## GOAL OF THE EXERCISE
Taking the line with "Geometrik Desenli Pijama Takımı" as the first and the line with "AIMALL Resin Submerged" as the last, set down the lines below exactly, pictures excluded.

## RECORDS FOR THE EXERCISE
********************

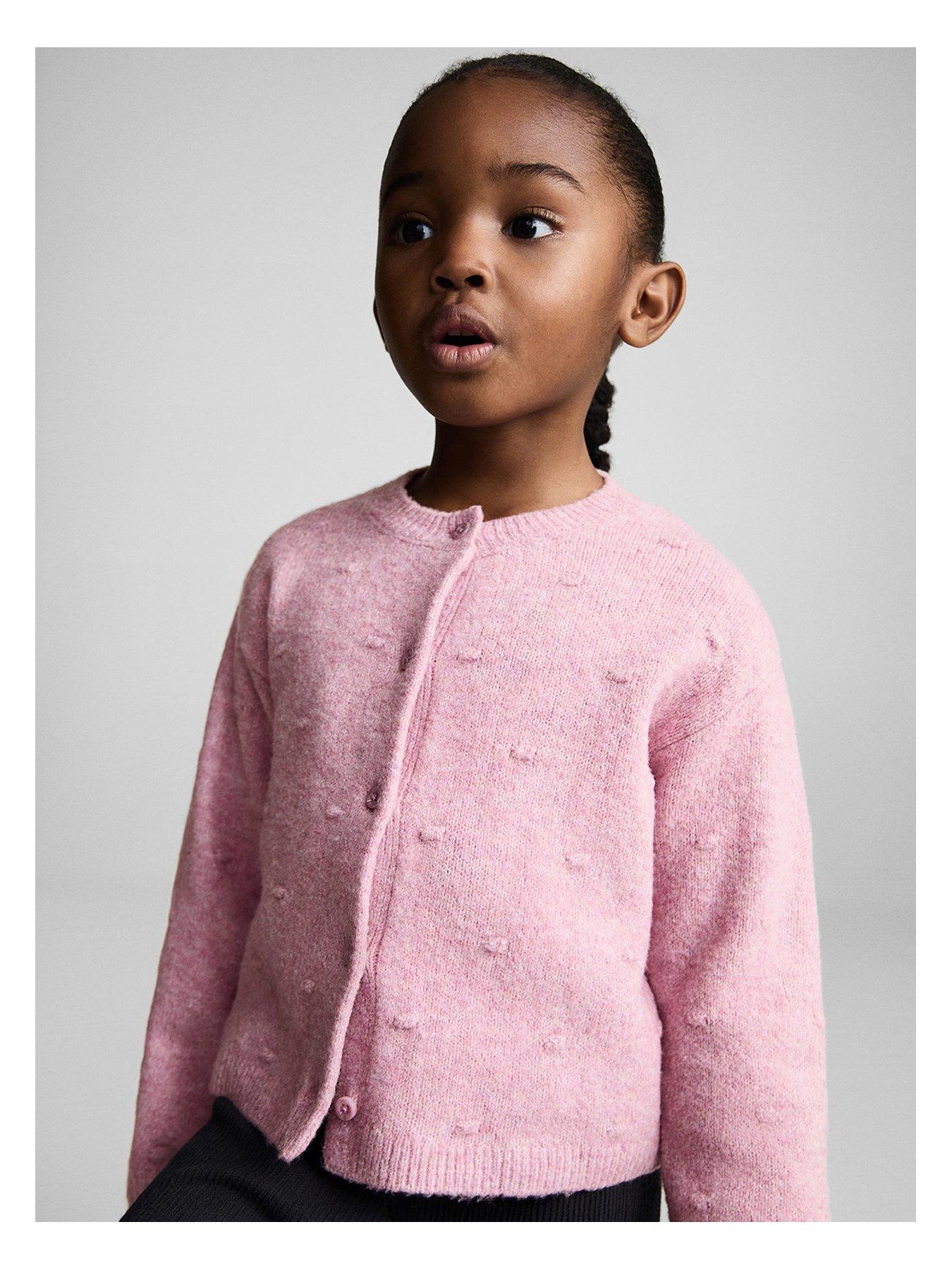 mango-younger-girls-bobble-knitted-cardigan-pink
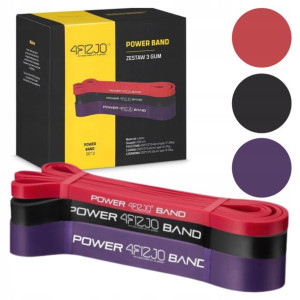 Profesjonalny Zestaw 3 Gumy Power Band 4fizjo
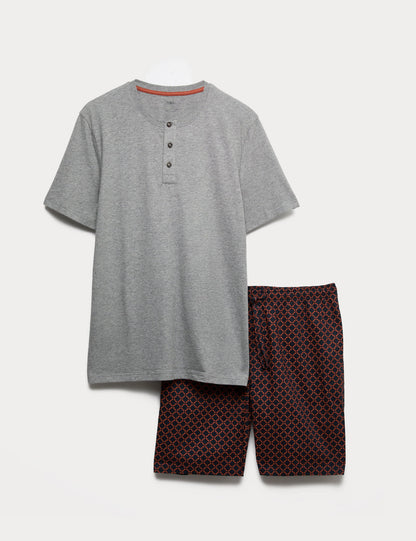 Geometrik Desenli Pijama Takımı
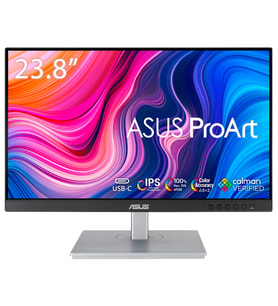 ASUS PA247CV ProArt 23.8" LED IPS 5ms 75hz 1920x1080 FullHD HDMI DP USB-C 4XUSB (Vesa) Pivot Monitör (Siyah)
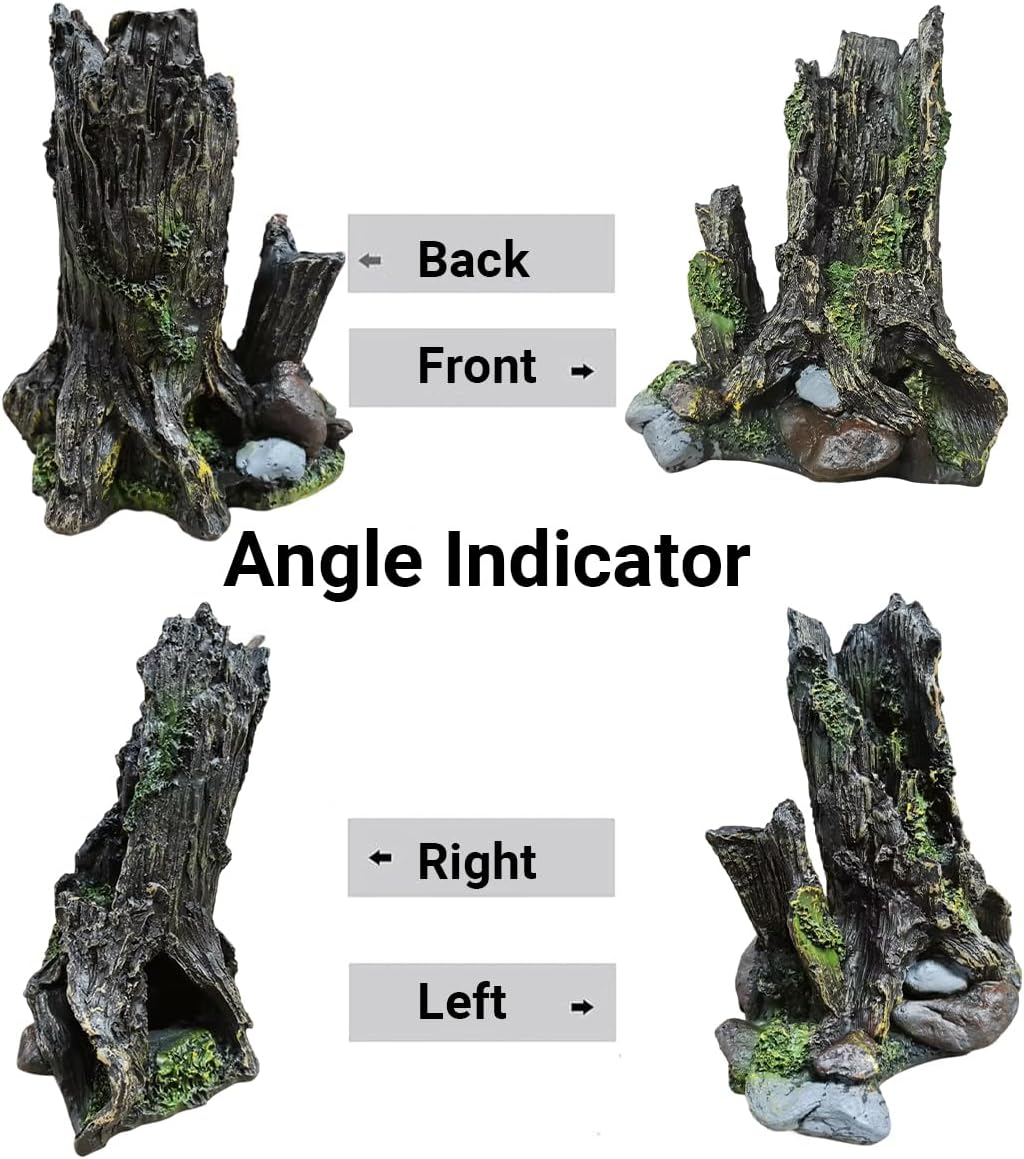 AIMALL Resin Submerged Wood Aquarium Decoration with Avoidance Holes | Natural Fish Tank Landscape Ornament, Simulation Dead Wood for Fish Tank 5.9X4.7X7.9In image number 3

********************

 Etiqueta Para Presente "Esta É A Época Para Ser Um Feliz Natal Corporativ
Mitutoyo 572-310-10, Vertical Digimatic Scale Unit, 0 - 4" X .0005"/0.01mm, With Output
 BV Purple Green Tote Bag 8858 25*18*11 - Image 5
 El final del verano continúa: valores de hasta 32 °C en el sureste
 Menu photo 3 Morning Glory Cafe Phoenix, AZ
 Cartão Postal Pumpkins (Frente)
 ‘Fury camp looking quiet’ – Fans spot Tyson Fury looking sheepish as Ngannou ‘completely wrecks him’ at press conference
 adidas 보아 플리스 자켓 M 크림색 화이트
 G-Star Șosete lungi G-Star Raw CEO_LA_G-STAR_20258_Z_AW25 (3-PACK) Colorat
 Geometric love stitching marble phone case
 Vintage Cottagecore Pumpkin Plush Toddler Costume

********************

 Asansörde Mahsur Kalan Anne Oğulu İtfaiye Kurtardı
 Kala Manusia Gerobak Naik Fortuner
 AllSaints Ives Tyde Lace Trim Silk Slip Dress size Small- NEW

********************

## SOLUTION TO THIS PROBLEM
 Geometrik Desenli Pijama Takımı
 ASUS PA247CV ProArt 23.8" LED IPS 5ms 75hz 1920x1080 FullHD HDMI DP USB-C 4XUSB (Vesa) Pivot Monitör (Siyah)
 AIMALL Resin Submerged Wood Aquarium Decoration with Avoidance Holes | Natural Fish Tank Landscape Ornament, Simulation Dead Wood for Fish Tank 5.9X4.7X7.9In image number 3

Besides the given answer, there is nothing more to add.